Monday, June 18, 2012

If I Shall Die Before I Wake....

Now I lay me down to sleep,
I pray the Lord my soul to keep,
If I shall die before I wake,
I pray the Lord my soul to take.


I can't get this little prayer out of my head.
I have memories of getting on my knees with my mom at bedtime to say this prayer together. My favorite part was always the God Bless because that's when I would try to name everyone I wanted God to bless. lol Coming from a family where my mom has 13 siblings....the list seemed endless.

If I Shall Die Before I Wake?
Hmmmm.....
How will I be remembered? Who will miss me? Would I be ready? Would anyone cry?


My husband and I were talking about our post mortem plans the other day. Sounds morbid, I know. Not sure how we got into that conversation. But seriously, we were talking about what our wishes were after our passing. Funeral or non funeral arrangements per se. Hey, this stuff is good to know...just in case. Don't think i'll mention what decision we came to because that might cause a stir in itself. hahaha  Furman insists that he pass before me though...what nerve! 

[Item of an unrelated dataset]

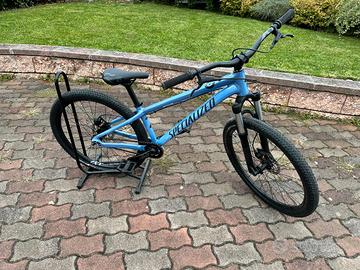 Bici fa Dirt / Jump SPECIALIZED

I've been going through a real hard time this month. Unbelievable! A June I will never forget. 
I am soo thankful for two friends in particular that have given me their shoulders and some great words of encouragement.  Thank you ladies. I love you both!

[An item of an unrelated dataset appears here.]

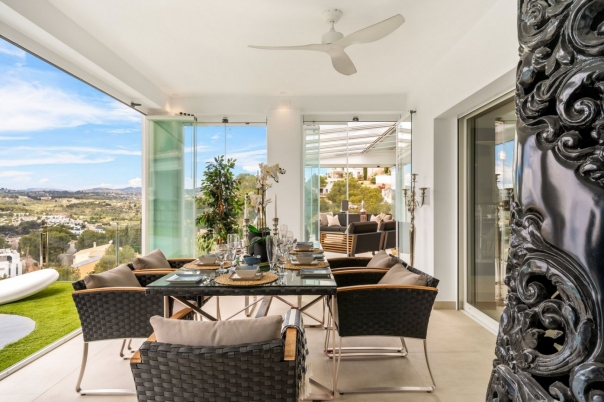 5 bed villa in Moraira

I'm lamenting.  I just don't understand how things happen.  Why? Always try to remember that it's not always about me. I know I've said this before but I have to believe that to keep going sometimes. I look back in my Bible for verses I grew up with for comfort. Verses like: Proverbs 3:5-6, Romans 3:28, John 14:27, 

Psalm 34:17-22
The righteous cry out, and the LORD hears them;    
he delivers them from all their troubles.
The LORD is close to the brokenhearted     
and saves those who are crushed in spirit.
A righteous man may have many troubles,     
but the LORD delivers him from them all;
he protects all his bones, not one of them will be broken.
Evil will slay the wicked;     
the foes of the righteous will be condemned.
The LORD redeems his servants;     
no one will be condemned who takes refuge in him.

                                                                                                                       ...the list goes on.

As I drive to work I have too much time to think...so I listen....and cry....


During the day, I try my best to keep busy with my work and hide how I feel.  I try to prevent distractions with my headphones belting out my favorite gospel tunes to get me through my day. Then I go home.....

I am very thankful that God has given me Furman to help me get through the good and the bad. I don't know how I would handle some things alone.  I really don't.  Ok Ok...let me correct myself...because I know that I am never alone when I have God....but you know what I mean! 

Thank you Furman.   It may not seem like it sometimes, but you do help keep me together.

The weekend, has passed.  The weeks ahead...gonna keep on keeping on!

It makes me feel a bit better to write...so that's what i'm doing.  Now you see..... everything isn't all roses all the time. But, we persevere!  WWJD?